> **ACTIVITY**
Pictures stay out of the copy. Transcribe exactly the lines from the line with "Treating Blood Clots" through the final line of the records.

··· EXERCISE INPUTS ···

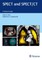 SPECT and SPECT/CT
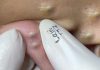 Cystic Extraction Whiteheads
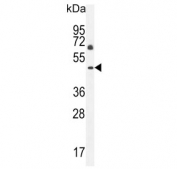 Western blot testing of human NCI-H460 cell lysate with C12orf29 antibody. Predicted molecular weight ~37 kDa.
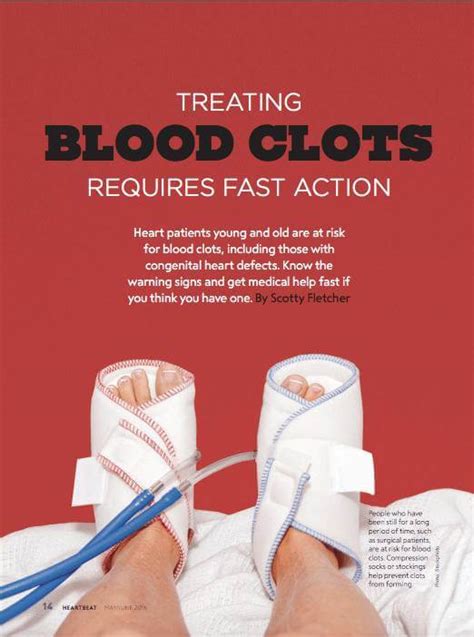 Treating Blood Clots Requires Fast Action - Mended Hearts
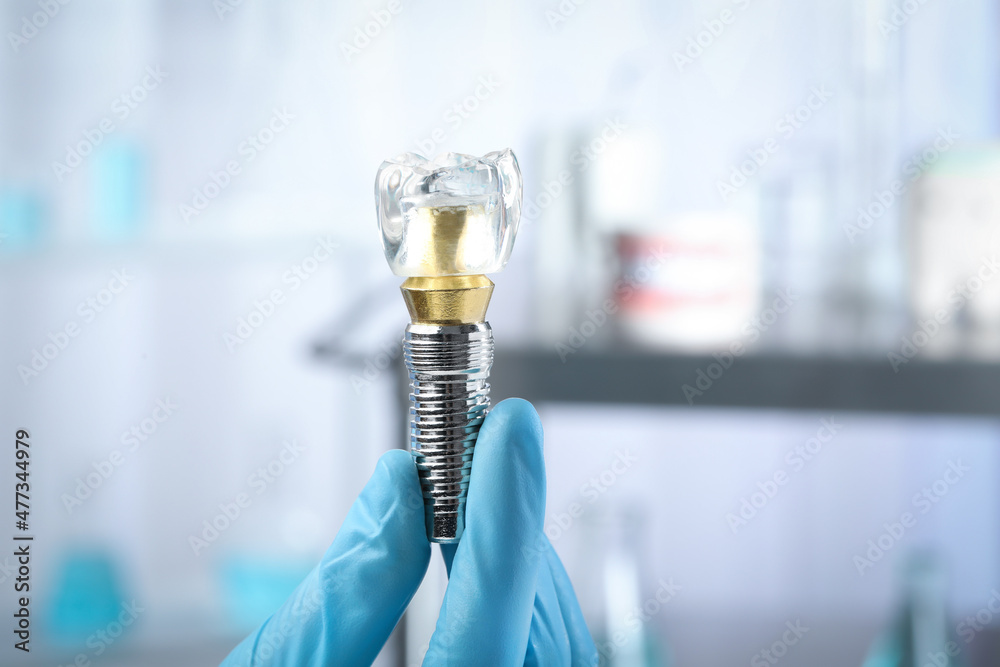 Dentist holding educational model of dental implant on blurred background, closeup Dentist holding educational model of dental implant on blurred background, closeup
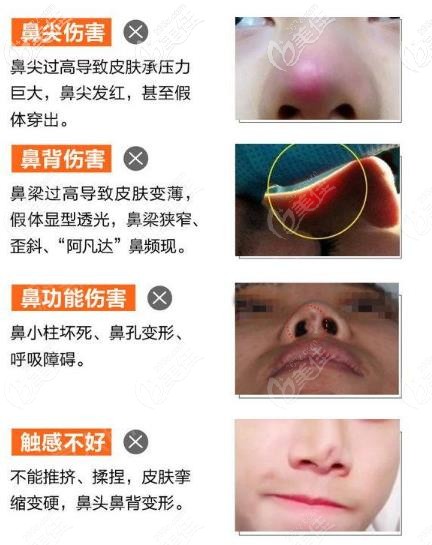 六安菲凡隆鼻手術杜絕鼻尖壓力、鼻背皮膚變薄等情況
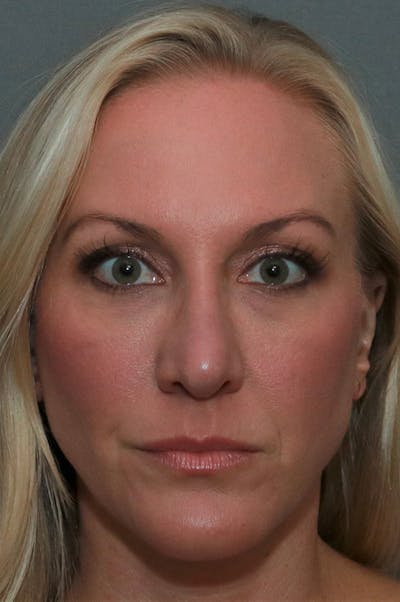 Revision Rhinoplasty Before & After Gallery - Patient 75543196 - Image 2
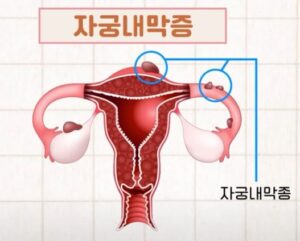 자궁내막증후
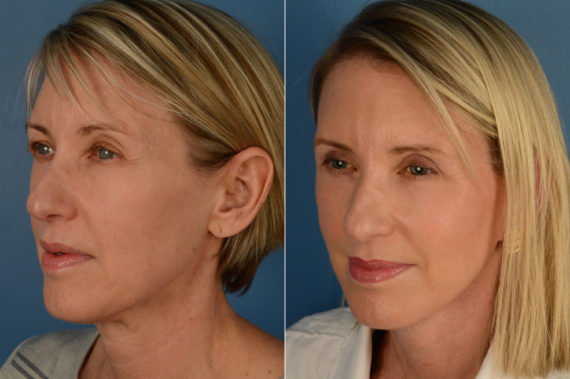 The UpLift™ Lower Face and Neck Lift Before and After Photos in Naples, FL, Patient 16233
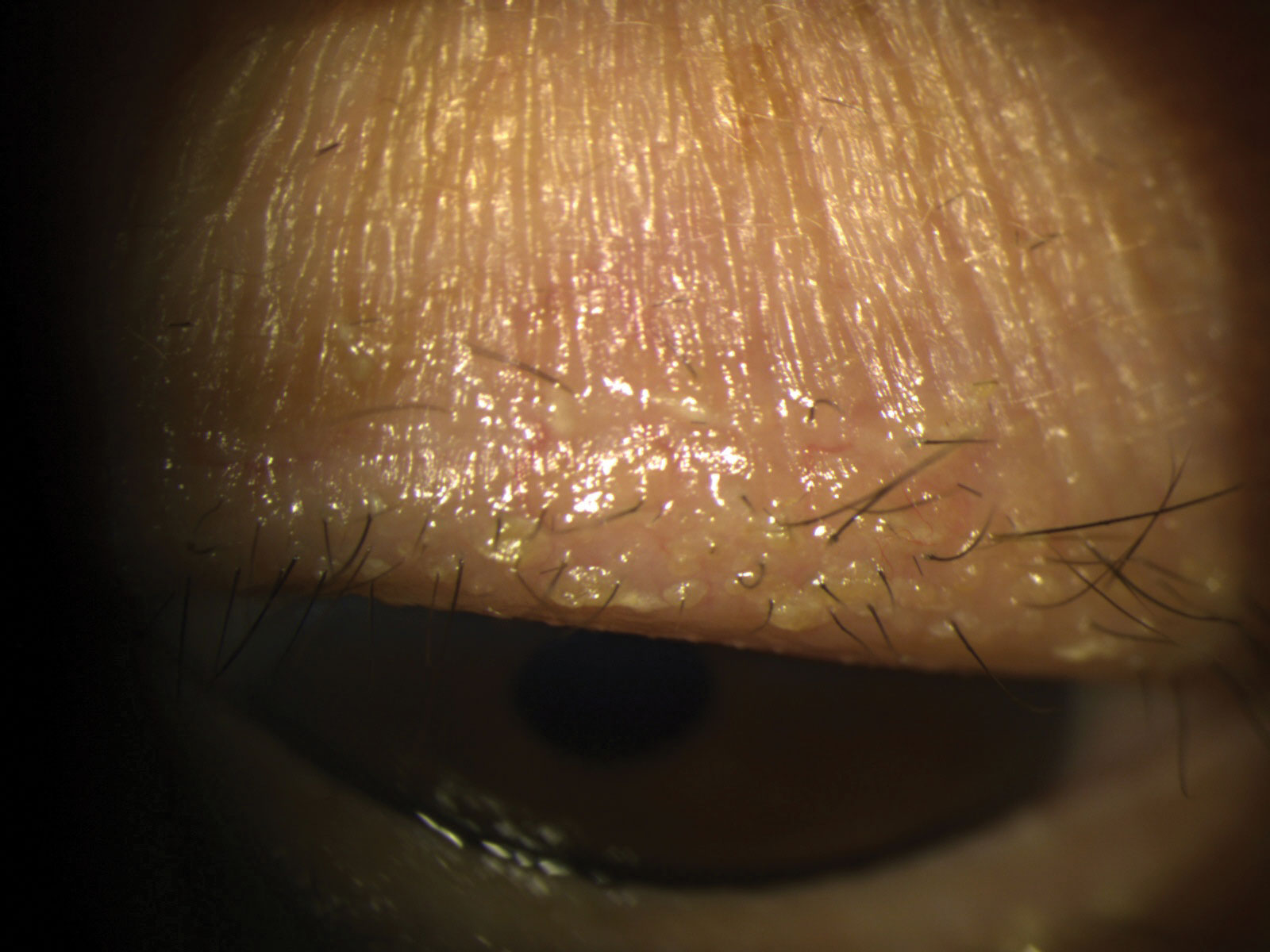 Stubborn debris and scurf along the base of lashes. The patient was started on a regimen of warm compresses and 0.01% hypochlorous acid lid cleaning routine BID OU.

···

> **SOLUTION FOR THIS EXERCISE**
 Treating Blood Clots Requires Fast Action - Mended Hearts
 Dentist holding educational model of dental implant on blurred background, closeup Dentist holding educational model of dental implant on blurred background, closeup
 六安菲凡隆鼻手術杜絕鼻尖壓力、鼻背皮膚變薄等情況
 Revision Rhinoplasty Before & After Gallery - Patient 75543196 - Image 2
 자궁내막증후
 The UpLift™ Lower Face and Neck Lift Before and After Photos in Naples, FL, Patient 16233
 Stubborn debris and scurf along the base of lashes. The patient was started on a regimen of warm compresses and 0.01% hypochlorous acid lid cleaning routine BID OU.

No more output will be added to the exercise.